The films which I’ve been writing about lately have all been fairly heavy on symbolism and meaning, so maybe it’s time to dip into something lighter for a change. As such, I feel that a tight, solid mystery that has no pretensions of being anything other than a piece of entertainment is as good a choice as any under the circumstances. This seems a fair summation of 23 Paces to Baker Street (1956) – a not especially well-known thriller that nevertheless features an intriguing plot and polished, professional work from all the participants. The movie belongs in a small sub-genre of films (e.g. The Spiral Staircase, Rear Window, Wait Until Dark) where the hero/protagonist is suffering from either a temporary or permanent disability. There’s nothing particularly exploitative about these films, the disability in question serving merely as a means of increasing tension or suspense – and often, paradoxically, emphasising the superiority of the hero over the villain.
The story here derives from a book by Philip MacDonald (author of some excellent mysteries like The Rasp and The List of Adrian Messenger) and concerns a blind playwright who finds himself inadvertently drawn into a shadowy plot. Phillip Hannon (Van Johnson) is an American residing in London, having suffered some unspecified accident which has left him blind. That this misfortune has shaped his somewhat irascible character is established early on when his work is disrupted by the unexpected arrival of an old flame, Jean Lennox (Vera Miles), who evokes understandably painful memories of happier times. It’s as a result of this visit that Hannon, perhaps wanting to prove his independence, sets off alone to a local pub for a drink. And here’s where the mystery begins; while seated in a booth, he overhears snippets of a conversation through the partition with the adjoining lounge bar. Of course his lack of sight rules out the possibility of identifying the man and woman involved, but what he hears is sufficient to arouse his suspicions that something, conceivably an abduction, is being planned. The problem is that with his disability preventing a straightforward pursuit, and the police’s subsequent insistence that the meaning of the fragmented dialogue is open to interpretation, he’s at a loss to know how to proceed. However, bit by bit, through a combination of good fortune and dogged amateur sleuthing by Hannon, Jean and his servant (Cecil Parker), the body of evidence starts to grow. Everything builds relentlessly towards a tense climax that is reminiscent of Rear Window, where the hero finds the means to turn his physical handicap to his own advantage.

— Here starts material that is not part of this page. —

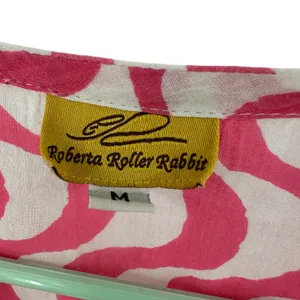 Roberta Roller Rabbit Size Medium Long Sleeve Cotton Dress Tunic Cover‎ Up Pink thumbnail 7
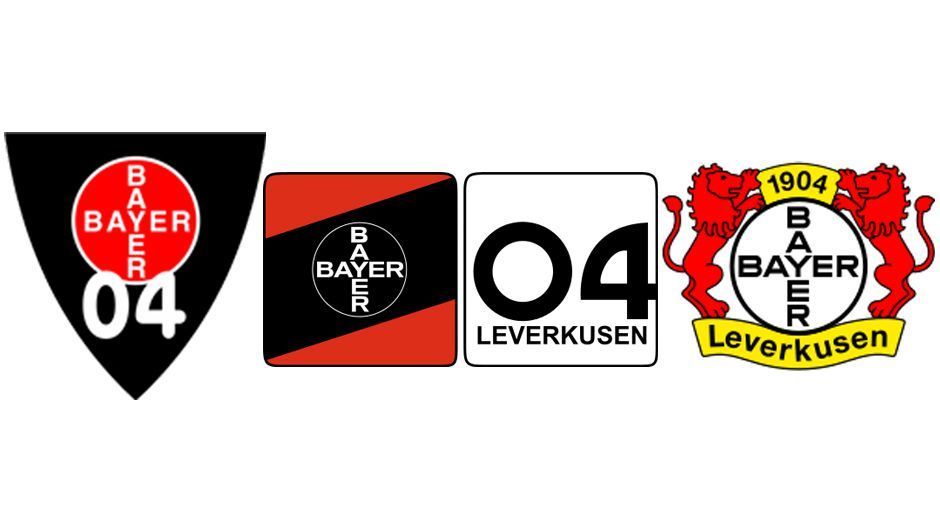
                <strong>Bayer 04 Leverkusen</strong><br>
                Die "Werkself" hat ihr Wappen schon des Öfteren verändert. Die beiden Löwen, die das Logo umrahmen, kamen erst 1996 hinzu. Deutlich gelungener als die Varianten zuvor, fnden wir.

What makes a story like this succeed is the presence of the physical disadvantage which the protagonist has to overcome. Having a hurdle such as Hannon’s blindness to negotiate makes it easier to sustain the viewer’s interest and demands an added touch of creativity in the scripting. I’ve often found that when a tale involves merely exploiting the massive manpower and resources available to law enforcement agencies, it’s much more difficult to feel sympathy for the hunters. Maybe that’s just my natural identification with the underdog coming through, but the (almost) lone and struggling figure always seems more attractive. Henry Hathaway’s direction is smooth and professional in a movie where the action is largely confined to interiors – entirely appropriate since the focus is on a man whose mobility is necessarily limited by his condition. The wide screen of scope is ideal for creating a sense of space in outdoor shots, but Hathaway’s experience meant that he was also aware that careful composition resulted in equally effective visuals in interiors. Generally, there’s a tense atmosphere maintained throughout, but there’s also a nicely judged comedic interlude where Hannon sends his servant/secretary off in pursuit of a suspect; Cecil Parker brings a welcome, lightly comic touch to this stalking sequence and the subsequent reporting of his progress. In the lead, Van Johnson is mostly fine in conveying an alternating mix of frustration and enthusiasm, the shape of the investigation both reflecting and influencing his moods. I also found him convincing as a blind man, the only time he let it slip a little was during the climax where a few reactions didn’t quite ring true. Vera Miles wasn’t given a lot to do as the faithful former lover, much of the time playing a clichéd and stereotypical character. Of course, that no real criticism of the actress, just the part she was handed. The supporting cast is full of fine British character actors: the aforementioned Cecil Parker, Maurice Denham, Estelle Winwood, Patricia Laffan and, in a droll turn as an assassin that reminded me a little of Edmund Gwenn in Foreign Correspondent, Liam Redmond.
23 Paces to Baker Street is a Fox production and remains absent on DVD in both the US and the UK, however, I believe there’s a copy of the film available in Spain but I haven’t seen it. Instead I picked up the Australian release by Bounty Films when it was issued late last year. The disc is completely barebones, but the transfer is pretty good. The movie is presented correctly in anamorphic scope and although it doesn’t appear to have undergone any kind of restoration there’s no especially distracting damage either. The colours are strong, the film has been transferred progressively and the price is acceptable. The only beef I have with the presentation, and it’s a very minor one, is the curious decision to market the title as part of the Bounty Noir Classics line – this is a standard mystery/whodunit and doesn’t even approach noir territory. This is an entertaining, glossy and well-paced thriller that’s capable of holding the viewer’s interest from beginning to end. I found it satisfying and have no problem giving it the thumbs up.